Reputation:
Say I have a data set like this,
X | Y |
---|---|
2000 | 900000 |
1000 | 78991891 |
9000 | 7868141891 |
8000 | 78931891 |
I can standardize the X variable part using the formula--> {X-mean(X)/std_deviation(X)}, which will feature scale the X variable values.
Now say I have a data set like this,
X1 | X2 | Y |
---|---|---|
19 | 19000 | 0 |
35 | 20000 | 1 |
26 | 50000 | 1 |
27 | 90000 | 0 |
Here my independent variables are X={X1,X2} and I want to feature scale them. How to perform feature scale on two variables together? I am not asking for a code snippet but looking for the mathematics that does it.
I have tried 2 things on my own,
I have tried calculate the standardization from the entire X1 and X2 assuming them as a single variable X, hence the mean was the summation of (X1+X2)/length(X1+X2) but this is not matching with the answer yielded by the python library.
from sklearn.preprocessing import StandardScaler as SC
sc_X=SC()
X=sc_X.fit_transform(X)
I have tried to standardize X1 and X2 separately, but that and is not also matching with the python library's output.

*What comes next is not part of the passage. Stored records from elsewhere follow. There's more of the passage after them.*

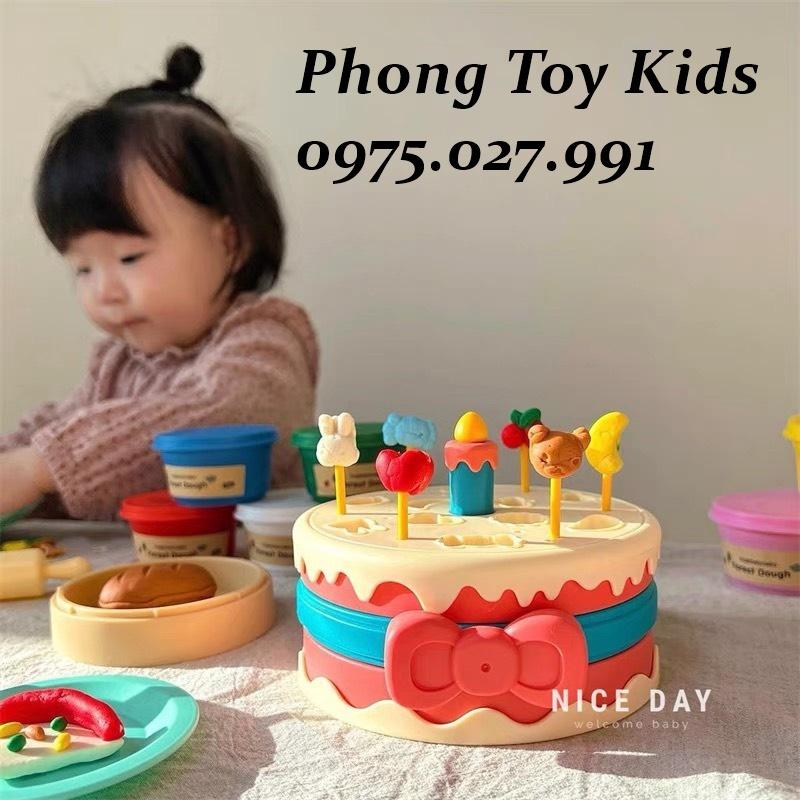 BỘ ĐỒ CHƠI TRANG TRÍ BÁNH SINH NHẬT KÈM ĐẤT NẶN, KHUÔN NẶN AN TOÀN CHO BÉ THỎA SỨC SÁNG TẠO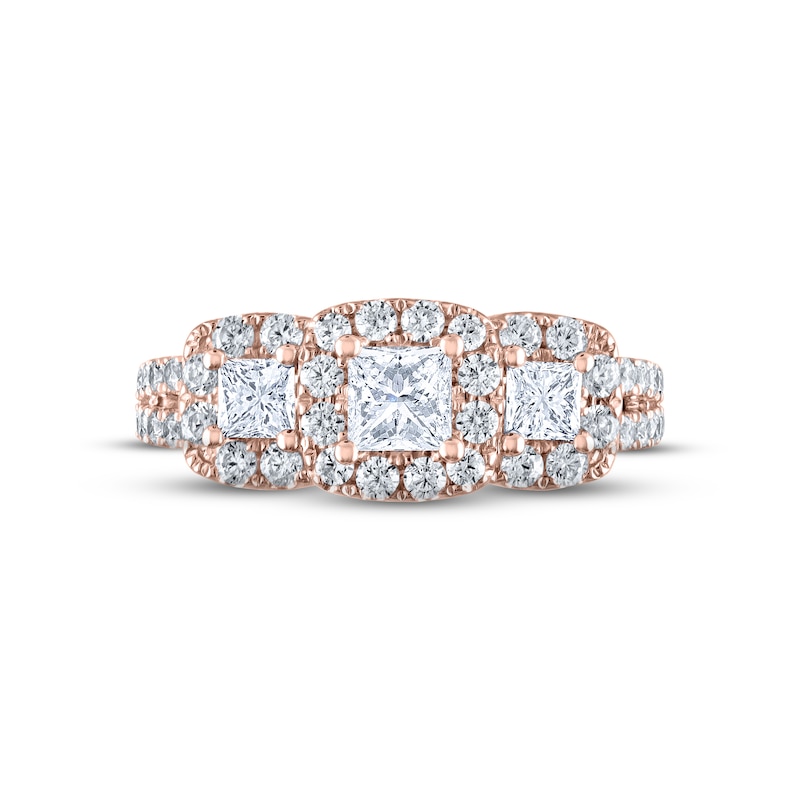 THE LEO Diamond Three-Stone Engagement Ring 1-1/3 ct tw Princess & Round-cut 14K Rose Gold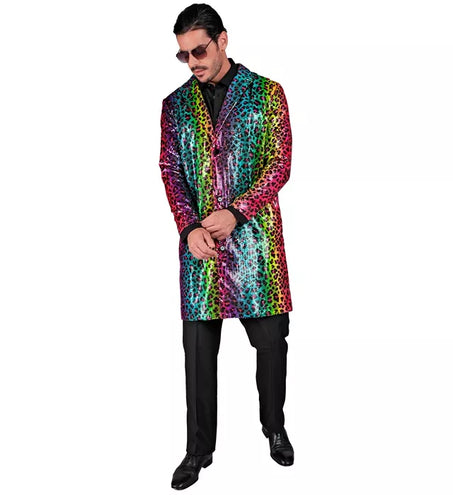 E-Carnavalskleding.nl Paillettenjas regenboog luipaard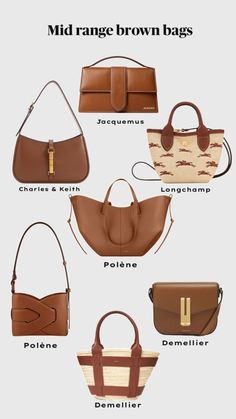 Mid Range Handbags, Mid Range Luxury Bags, Classic Bags Timeless, Purse Trends 2024, Brown Bag Aesthetic, Brown Handbag Outfit, Brown Purse Outfit, Old Money Bags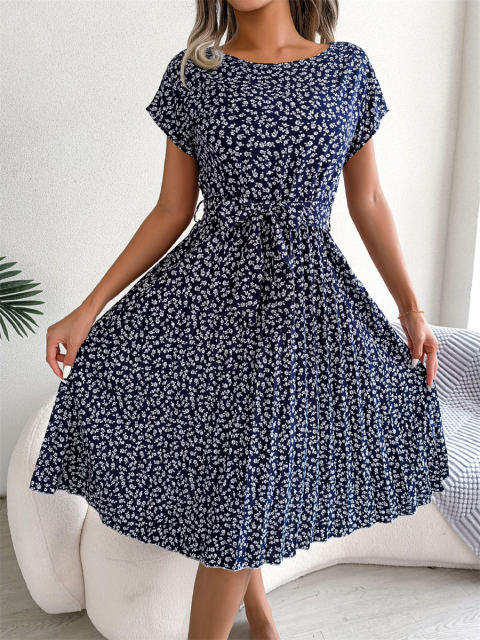 Floral Summer Midi Dresses Women Cold Sleeve Casual Dress PQ8352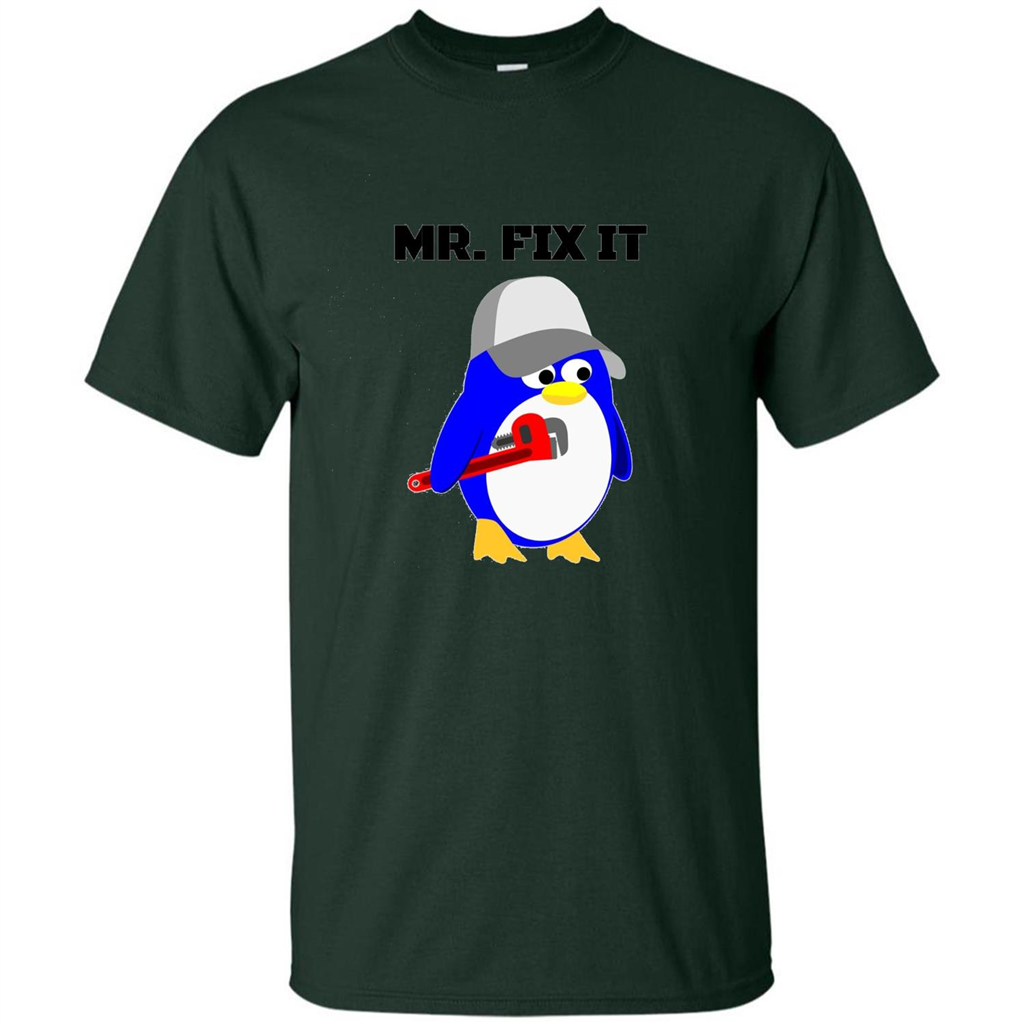 Mr. Fix it Penguin T-shirt Forest Green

So my question is, How is standardization computed when we have 2 or more independent variables?
Upvotes: 0
Views: 896
Reputation: 2316
According to sklearn documentation: "Centering and scaling happen independently on each feature by computing the relevant statistics on the samples in the training set".
Here is a sample code how to check this:
import pandas as pd
from sklearn.preprocessing import StandardScaler
df = pd.DataFrame(data=[[19, 19000], [35, 20000], [26, 50000], [27, 90000]],
columns=['x1', 'x2'])
sc = StandardScaler()
sc.fit(df)
print(sc.mean_)
Upvotes: 1